Yes I think this could be changed in the obfuscate routines, but I think that is probably too much of a backwards compatible break.
With the benefit of hindsight we should have avoided those unicode space like characters!
Actually the encoding is reversible: Overview of cloud storage systems - it lets you store any filename on any backend so you can use onedrive to back up your linux computer and not have to worry about all the characters in filenames Windows doesn't allow.
We'd have to find new mapping characters for the various unicode spaces though. Currently we map ascii onto β in RightSpace escaping (There is an escaping mechanism if that character is in existing files).
My feeling is that this is the edgiest of edge cases though and I'm not sure it is worth fixing since there is a good workaround.
I wonder if there's an easier answer.. instead of replacing the trailing whitespace with an alternate character, add an extra non-space character. So that way we know it's not whitespace ended.
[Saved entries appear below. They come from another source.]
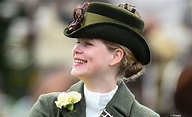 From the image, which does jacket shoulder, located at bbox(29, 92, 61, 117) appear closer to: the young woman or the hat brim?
the young woman

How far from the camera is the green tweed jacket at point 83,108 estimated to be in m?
2.95

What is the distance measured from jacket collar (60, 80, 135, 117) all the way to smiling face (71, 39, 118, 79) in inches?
4.9

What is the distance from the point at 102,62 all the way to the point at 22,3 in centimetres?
297

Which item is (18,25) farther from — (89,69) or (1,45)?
(89,69)

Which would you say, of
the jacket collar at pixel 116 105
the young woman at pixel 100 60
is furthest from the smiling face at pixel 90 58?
the jacket collar at pixel 116 105

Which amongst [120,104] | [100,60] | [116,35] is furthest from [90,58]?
[120,104]

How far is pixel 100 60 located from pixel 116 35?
0.42 ft

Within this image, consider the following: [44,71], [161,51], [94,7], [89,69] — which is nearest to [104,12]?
[94,7]

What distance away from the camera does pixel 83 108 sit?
296 cm

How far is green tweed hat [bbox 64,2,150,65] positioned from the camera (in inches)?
115

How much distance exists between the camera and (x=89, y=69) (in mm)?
2906

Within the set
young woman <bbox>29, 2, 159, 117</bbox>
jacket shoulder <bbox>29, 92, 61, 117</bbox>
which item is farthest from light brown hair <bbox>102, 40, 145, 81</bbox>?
jacket shoulder <bbox>29, 92, 61, 117</bbox>

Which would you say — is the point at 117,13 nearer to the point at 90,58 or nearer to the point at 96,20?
the point at 96,20

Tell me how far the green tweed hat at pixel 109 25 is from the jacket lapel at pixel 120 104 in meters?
0.19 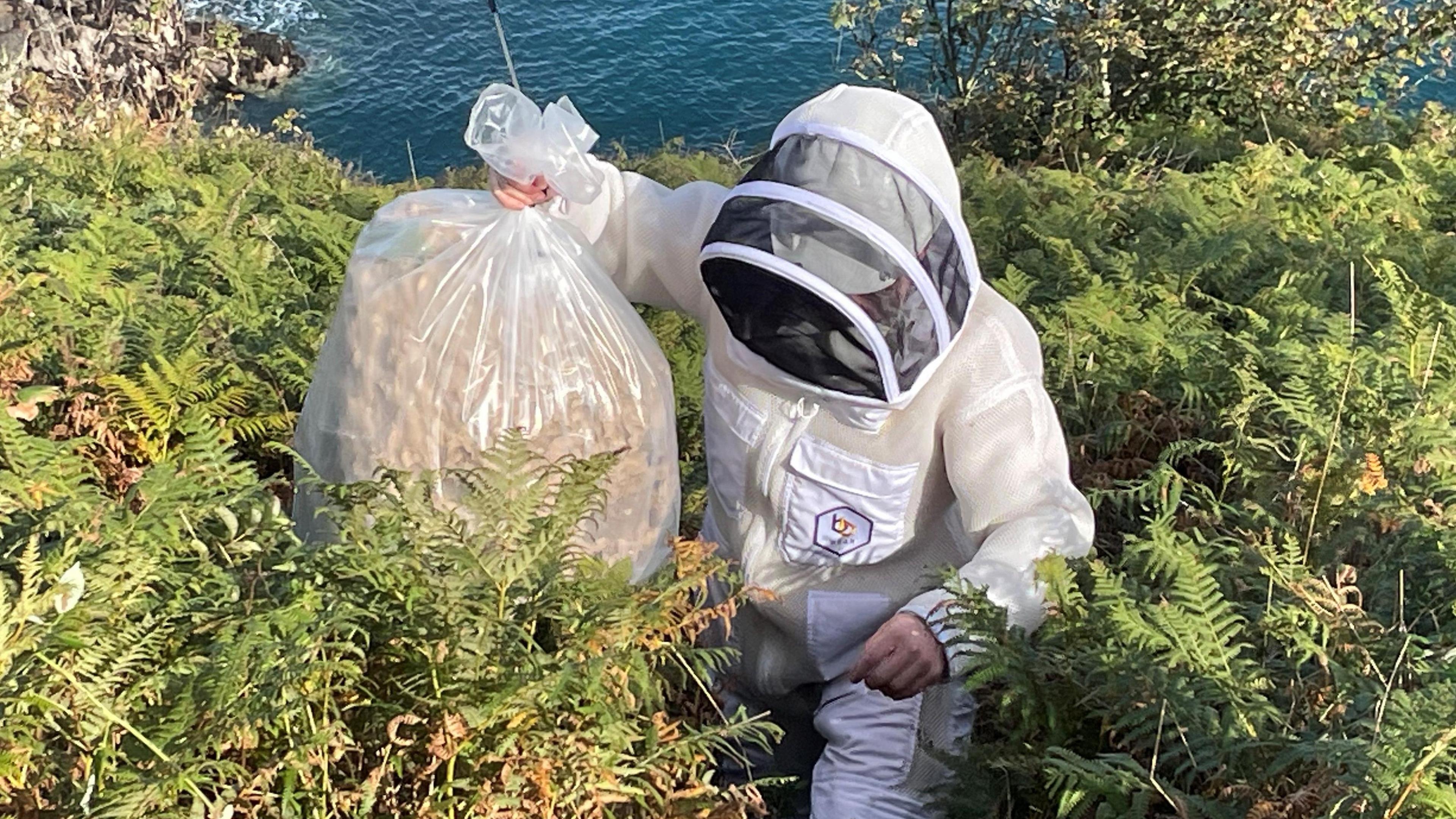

Then Decode just needs to look for that extra character and remove it
Then we don't need to find 6 or 8 or whatever whitespace alternatives!
Ah, so make a "remove this character" escape sequence.
That would work for trailing unicode space at least and would be much easier than finding so many unicode equivalents.
That said, I think I'm going to park this issue in "too difficult for too little gain" as in general there is very little use of unicode spaces, and even less of them trailing a file name. The obfuscate thing is unfortunate but there is a good workaround using the specially designed for onedrive base32768 encoding scheme.